La Birmanie est en ébullition depuis le putsch du 1er février qui a mis fin à une parenthèse démocratique de dix ans. Ce coup d’Etat a provoqué des manifestations, des affrontements entre les militaires et des milices citoyennes, et une recrudescence des violences avec des factions ethniques. Le corps enseignant, en uniforme vert et blanc, a été un des premiers à défiler contre la junte. Beaucoup de professeurs ont aussi rejoint l’appel à la grève des cheminots, des médecins, des ingénieurs ou des ouvriers qui paralyse des secteurs entiers de l’économie.
Sans salaire depuis des mois, beaucoup refusent de retourner enseigner, ulcérée par le bain de sang des forces de sécurité qui ont tué ces derniers mois au moins 840 civils, dont des adolescents et des enfants.
Une crainte d’endoctrinement
Les élèves participent aussi en nombre au boycott de l’école. Fin mai, deux jours avant la clôture des inscriptions, 90 % d’entre eux n’étaient pas enregistrés dans un établissement, d’après le média Myanmar Now, de nombreux parents craignant que leurs enfants soient endoctrinés. Des manifestations ont été organisées à travers le pays pour décourager les familles.
« Ne soyez pas tristes de ne pas envoyer votre enfant à l’école. Certains parents n’ont pas d’enfants à inscrire », car étant tombés sous les balles des soldats et des policiers, ont écrit des opposants à la junte sur une banderole déployée dans la région de Bago, au nord-est de Rangoun.

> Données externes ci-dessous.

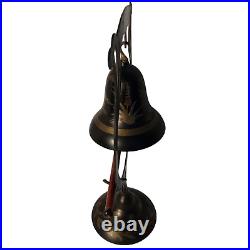 Vintage Brass Gong Bell with Decorative Stand and Wooden Striker Asian Design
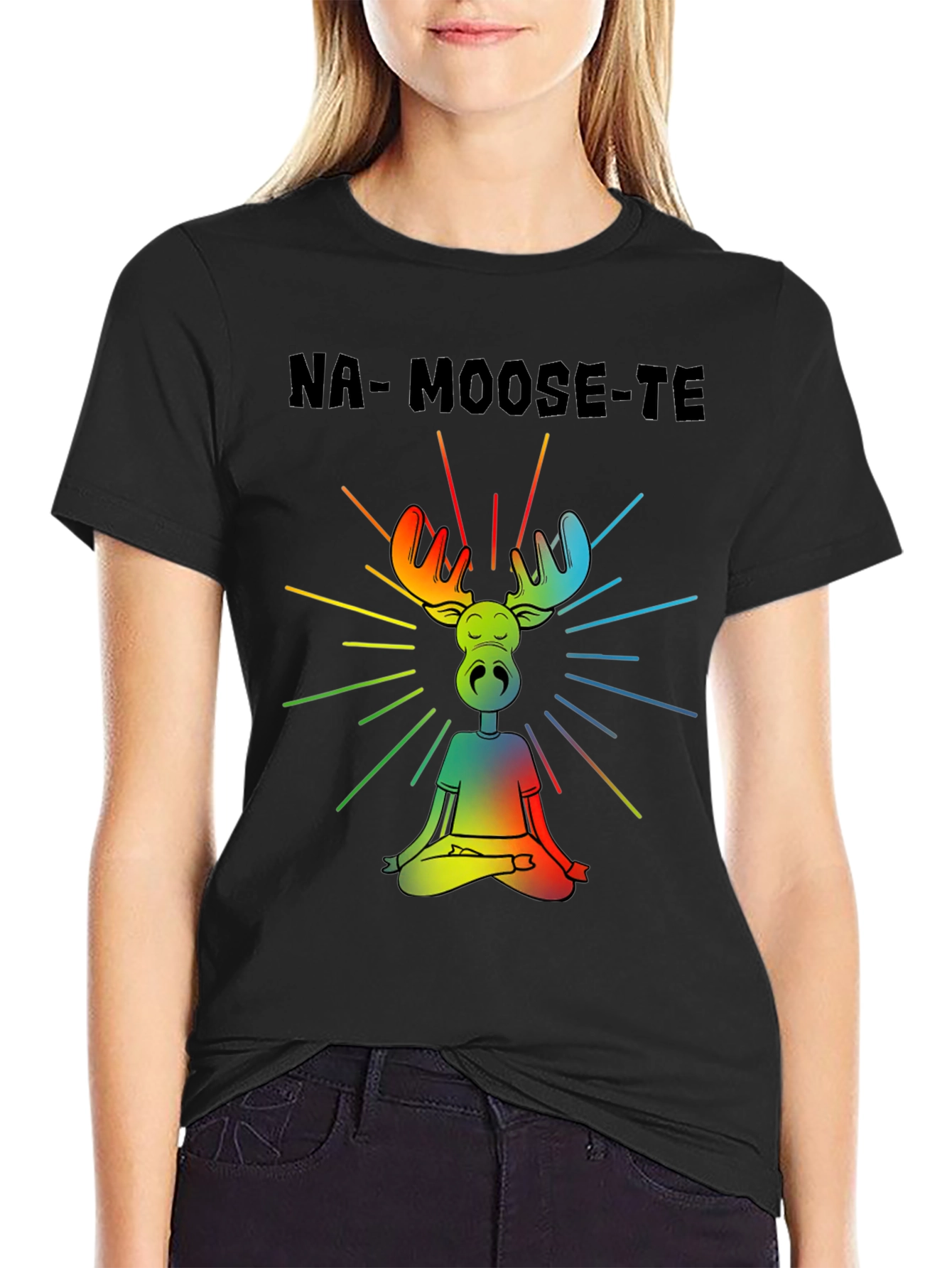 Na-Moose-Te T-Shirt - Yoga Moose Design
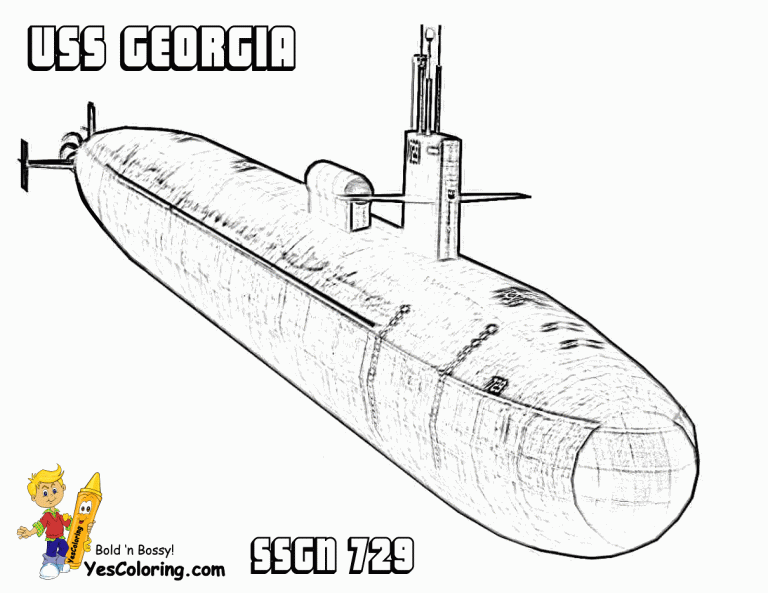Coloring Page Submarine
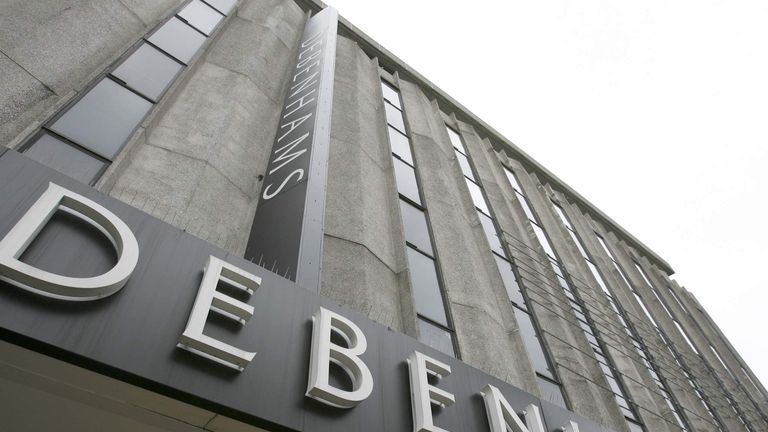 The Debenhams store is seen on Oxford Street, in central London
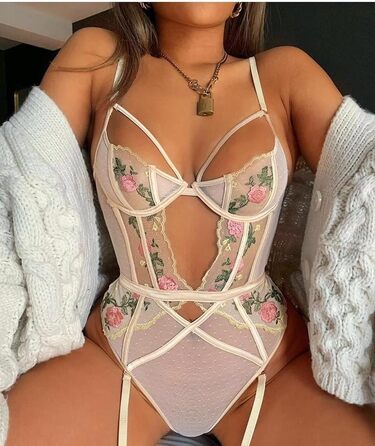 Жіночий комплект спідньої білизни: бюстгальтер, труси, боді з підтяжками, квітковий дизайн, розмір XL, колір A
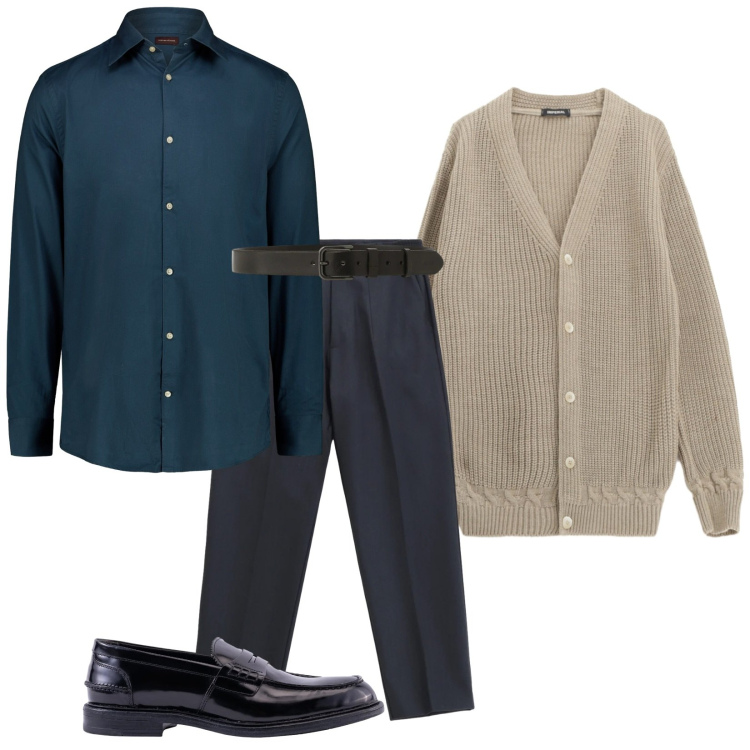 Outfit uomo - Tombolata in casa. Stile Casual per Serata speciale. Abbinamento con pantaloni, cardigans, cinture, camicie, scarpe stringate.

De nombreux messages ont aussi fleuri sur les façades des établissements : « Nous ne voulons pas des enseignants qui servent les esclavagistes militaires », « nous ne voulons pas des traîtres », pouvait-on lire sur le mur d’un lycée du centre de la Birmanie.
Quant aux universités, un petit nombre a rouvert début mai. Mais les salles restent vides, alors que de nombreux étudiants sont en première ligne du mouvement de contestation. « Pas un seul de mes amis ne va en cours », relève un jeune birman inscrit en anglais à Mawlamyine (sud), théâtre d’une répression brutale des forces de sécurité en février.
Un an sans apprentissage organisé
« Plus de 12 millions d’enfants et de jeunes birmans n’ont pas eu accès à un apprentissage organisé depuis plus d’un an », ont déploré fin mai l’Unicef, l’Unesco et l’ONG Save The Children dans une déclaration commune. « Le manque d’accès à une éducation sûre et de qualité menace de créer une génération entière qui n’aura pas la possibilité d’apprendre ».
Le gouvernement d’unité nationale, formé par des opposants au régime entrés dans la clandestinité, tente de trouver une parade. Il a annoncé début mai travailler à la mise en place d’un système éducatif parallèle, mais peu d’annonces concrètes ont vu le jour pour le moment.
Face à cette crise, la junte souffle le chaud et le froid. D’un côté, les médias officiels minimisent, assurant que la semaine d’inscription dans les écoles – qui a eu lieu fin mai – a été très plébiscitée et s’est déroulée sans heurts. De l’autre, le régime se montre menaçant : « Perturber l’ouverture des établissements est un acte qui s’apparente à la destruction du pays », a-t-il averti.